▶ **Stored data entries**:
▬▬▬▬▬▬▬▬▬▬

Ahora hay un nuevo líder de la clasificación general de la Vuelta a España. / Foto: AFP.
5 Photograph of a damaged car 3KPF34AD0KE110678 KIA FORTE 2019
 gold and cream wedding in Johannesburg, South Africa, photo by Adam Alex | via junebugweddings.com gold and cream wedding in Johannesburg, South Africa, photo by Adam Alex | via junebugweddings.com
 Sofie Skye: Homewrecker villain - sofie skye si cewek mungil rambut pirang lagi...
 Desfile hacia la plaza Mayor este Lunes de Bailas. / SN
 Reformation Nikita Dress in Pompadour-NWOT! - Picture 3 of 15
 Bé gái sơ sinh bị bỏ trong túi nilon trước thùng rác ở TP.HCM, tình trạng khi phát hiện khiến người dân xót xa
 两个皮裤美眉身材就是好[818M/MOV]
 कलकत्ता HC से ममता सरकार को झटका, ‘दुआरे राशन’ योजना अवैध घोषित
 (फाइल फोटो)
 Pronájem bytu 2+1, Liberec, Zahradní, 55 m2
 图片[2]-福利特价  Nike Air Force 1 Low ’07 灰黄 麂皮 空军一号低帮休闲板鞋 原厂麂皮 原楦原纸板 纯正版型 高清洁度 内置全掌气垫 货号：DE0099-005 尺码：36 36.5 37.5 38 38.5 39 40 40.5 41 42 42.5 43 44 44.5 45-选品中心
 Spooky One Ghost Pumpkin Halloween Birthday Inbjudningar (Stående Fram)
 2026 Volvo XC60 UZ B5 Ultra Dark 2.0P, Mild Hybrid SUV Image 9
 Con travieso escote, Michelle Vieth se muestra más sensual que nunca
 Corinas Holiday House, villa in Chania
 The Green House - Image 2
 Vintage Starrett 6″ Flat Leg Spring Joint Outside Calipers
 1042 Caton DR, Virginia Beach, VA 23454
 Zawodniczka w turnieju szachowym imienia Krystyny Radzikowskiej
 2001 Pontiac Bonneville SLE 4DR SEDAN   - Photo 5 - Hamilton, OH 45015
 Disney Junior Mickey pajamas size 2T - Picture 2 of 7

▬▬▬▬▬▬▬▬▬▬

Set down the data once more, word for word.

Ahora hay un nuevo líder de la clasificación general de la Vuelta a España. / Foto: AFP.
5 Photograph of a damaged car 3KPF34AD0KE110678 KIA FORTE 2019
 gold and cream wedding in Johannesburg, South Africa, photo by Adam Alex | via junebugweddings.com gold and cream wedding in Johannesburg, South Africa, photo by Adam Alex | via junebugweddings.com
 Sofie Skye: Homewrecker villain - sofie skye si cewek mungil rambut pirang lagi...
 Desfile hacia la plaza Mayor este Lunes de Bailas. / SN
 Reformation Nikita Dress in Pompadour-NWOT! - Picture 3 of 15
 Bé gái sơ sinh bị bỏ trong túi nilon trước thùng rác ở TP.HCM, tình trạng khi phát hiện khiến người dân xót xa
 两个皮裤美眉身材就是好[818M/MOV]
 कलकत्ता HC से ममता सरकार को झटका, ‘दुआरे राशन’ योजना अवैध घोषित
 (फाइल फोटो)
 Pronájem bytu 2+1, Liberec, Zahradní, 55 m2
 图片[2]-福利特价  Nike Air Force 1 Low ’07 灰黄 麂皮 空军一号低帮休闲板鞋 原厂麂皮 原楦原纸板 纯正版型 高清洁度 内置全掌气垫 货号：DE0099-005 尺码：36 36.5 37.5 38 38.5 39 40 40.5 41 42 42.5 43 44 44.5 45-选品中心
 Spooky One Ghost Pumpkin Halloween Birthday Inbjudningar (Stående Fram)
 2026 Volvo XC60 UZ B5 Ultra Dark 2.0P, Mild Hybrid SUV Image 9
 Con travieso escote, Michelle Vieth se muestra más sensual que nunca
 Corinas Holiday House, villa in Chania
 The Green House - Image 2
 Vintage Starrett 6″ Flat Leg Spring Joint Outside Calipers
 1042 Caton DR, Virginia Beach, VA 23454
 Zawodniczka w turnieju szachowym imienia Krystyny Radzikowskiej
 2001 Pontiac Bonneville SLE 4DR SEDAN   - Photo 5 - Hamilton, OH 45015
 Disney Junior Mickey pajamas size 2T - Picture 2 of 7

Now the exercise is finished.